The only books he reads now are science fiction or fantasy novels and the worlds described here manage to inspire his works, especially those on aliens. His art recalls the pleasure of the scribes who spent months transcribing books rich in detail and so he loves to take us into his fantastic world in which we could get lost without finding the way, but would we really want to?
40a-FLYING OBJECTS
I remember certain engravings by Dürer and his obsessive attention to detail but I assure you it is not a mania but a necessity of the spirit. One can not seek perfection, after all what is it?, but why let me imagine things that are just as easy for me to do as not to do and while I do them my mind can think about the subsequent development. Specifically in this line I must confess that in addition to Dürer, Leonardo inspired me with his flying machines. Of course I was also inspired by certain structures of Hieronymus Bosch but this is obvious.
40b-TRAVEL STAMPS
Who in his life hasn’t been tempted at least once to collect stamps? I’m not talking about young people, who are interested in other things, but rather about us who are more mature and now elderly. As a child I tried to collect stamps. It seems like collating stickers but unlike it they seem to be a very serious thing. The stamps retain the charm of distant places, the graphic richness of paper money but with a lot of extra imagination and graphic skill. Those who love everything that is visual art cannot help but feel the charm they emanate. These drawings were born by chance and while I was experimenting with old planes I came up with the idea of planes travelling to many strange places. I tried to preserve the graphic aspect of the stamps but without the numerical value or the country. All I needed was the look which I find fascinating like all things collectable.
41-ROBOTIC ANIMALS
Building robots has always needed detailed mechanical designs. I, who try to do this as much as possible, instead I get lost in everyone’s bizarre stories. Are the oddities I can tell no longer important perhaps? Some companies have cheated by placing mechanical parts on real bodies of live animals. I have documented some of these in this collection but ethics does not make the better artist but rather I understood, when I preached, that everyone despises the ethics of others and turns a blind eye to their own.
42a-ROBOTIC WORLD GROUPS
Nothing creates a united group like belonging to the same body. We share screws, wheels and joints, even the same repair shop. The only thing they keep secret to themselves and care about is the joint oil. It is something so personal and intimate that one’s own blend is kept by everyone as the greatest secret. What about these groups from all galaxies? It is a waste of metal, as if more copper or bronze makes them more effective. The secret to better performance is the software with which they are programmed but no one tells them this.

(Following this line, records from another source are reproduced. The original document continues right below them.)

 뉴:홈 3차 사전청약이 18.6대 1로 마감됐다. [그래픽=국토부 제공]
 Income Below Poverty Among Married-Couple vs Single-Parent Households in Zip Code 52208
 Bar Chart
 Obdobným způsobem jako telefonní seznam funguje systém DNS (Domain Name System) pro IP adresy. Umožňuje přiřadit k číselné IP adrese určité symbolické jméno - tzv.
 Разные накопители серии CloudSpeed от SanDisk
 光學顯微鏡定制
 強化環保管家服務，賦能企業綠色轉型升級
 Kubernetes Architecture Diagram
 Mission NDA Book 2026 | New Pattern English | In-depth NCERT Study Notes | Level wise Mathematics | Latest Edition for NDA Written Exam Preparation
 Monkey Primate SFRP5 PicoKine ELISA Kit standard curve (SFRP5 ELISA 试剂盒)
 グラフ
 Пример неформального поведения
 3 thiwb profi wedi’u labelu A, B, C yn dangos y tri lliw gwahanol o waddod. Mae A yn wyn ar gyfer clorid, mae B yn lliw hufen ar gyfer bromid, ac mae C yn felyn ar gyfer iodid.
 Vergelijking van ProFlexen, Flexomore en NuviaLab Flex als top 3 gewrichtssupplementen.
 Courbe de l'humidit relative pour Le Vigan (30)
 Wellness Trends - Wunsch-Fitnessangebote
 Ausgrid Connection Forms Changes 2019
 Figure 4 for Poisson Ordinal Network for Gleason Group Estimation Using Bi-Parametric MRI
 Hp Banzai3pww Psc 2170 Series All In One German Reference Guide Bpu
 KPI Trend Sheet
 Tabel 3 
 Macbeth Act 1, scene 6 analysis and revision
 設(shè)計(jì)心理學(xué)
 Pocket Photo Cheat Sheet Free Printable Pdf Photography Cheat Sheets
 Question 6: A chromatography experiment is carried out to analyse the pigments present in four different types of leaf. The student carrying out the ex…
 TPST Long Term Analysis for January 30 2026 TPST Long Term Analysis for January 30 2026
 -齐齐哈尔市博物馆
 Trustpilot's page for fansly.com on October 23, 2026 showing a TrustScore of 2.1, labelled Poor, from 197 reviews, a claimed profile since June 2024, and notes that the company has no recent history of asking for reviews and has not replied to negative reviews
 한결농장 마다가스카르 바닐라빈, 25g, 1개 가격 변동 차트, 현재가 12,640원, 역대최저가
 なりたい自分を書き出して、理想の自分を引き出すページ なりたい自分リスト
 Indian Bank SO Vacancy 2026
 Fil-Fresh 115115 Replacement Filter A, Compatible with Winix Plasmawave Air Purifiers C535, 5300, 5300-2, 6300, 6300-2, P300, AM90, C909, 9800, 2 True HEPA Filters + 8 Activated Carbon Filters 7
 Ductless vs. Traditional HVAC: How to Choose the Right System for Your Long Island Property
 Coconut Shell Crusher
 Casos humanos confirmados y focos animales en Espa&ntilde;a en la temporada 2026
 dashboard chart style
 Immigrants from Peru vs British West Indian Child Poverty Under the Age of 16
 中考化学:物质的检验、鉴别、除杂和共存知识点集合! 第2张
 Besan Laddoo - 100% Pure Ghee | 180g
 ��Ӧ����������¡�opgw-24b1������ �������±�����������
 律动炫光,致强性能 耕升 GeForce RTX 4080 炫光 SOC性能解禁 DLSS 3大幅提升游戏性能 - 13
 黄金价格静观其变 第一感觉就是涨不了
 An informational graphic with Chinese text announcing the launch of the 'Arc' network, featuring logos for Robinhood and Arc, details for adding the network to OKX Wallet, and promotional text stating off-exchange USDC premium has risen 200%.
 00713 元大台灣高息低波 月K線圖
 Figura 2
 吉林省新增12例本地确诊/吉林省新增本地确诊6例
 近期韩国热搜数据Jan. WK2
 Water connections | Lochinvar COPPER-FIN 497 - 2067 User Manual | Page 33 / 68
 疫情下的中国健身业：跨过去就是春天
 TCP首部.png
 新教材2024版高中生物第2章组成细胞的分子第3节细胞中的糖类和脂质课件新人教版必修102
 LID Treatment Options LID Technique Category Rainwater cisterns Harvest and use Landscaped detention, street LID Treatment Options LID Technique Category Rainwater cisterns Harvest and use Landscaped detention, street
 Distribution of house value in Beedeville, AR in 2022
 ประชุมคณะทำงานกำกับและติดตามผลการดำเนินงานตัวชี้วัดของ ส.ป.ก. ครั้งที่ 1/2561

42b-ROBOTIC WORLD-SINGLE AND FAMILY
Let me introduce myself, says one, and tells you the story of his life as if I were interested in the story of the handicapped uncle with no bolts. I would have liked to introduce them to you one by one but I ran out of coffee and I have to fly to Guillaumes to buy my favourite one. Today the weather forecast is terrible and I have to run. Until the next presentation. Au revoi.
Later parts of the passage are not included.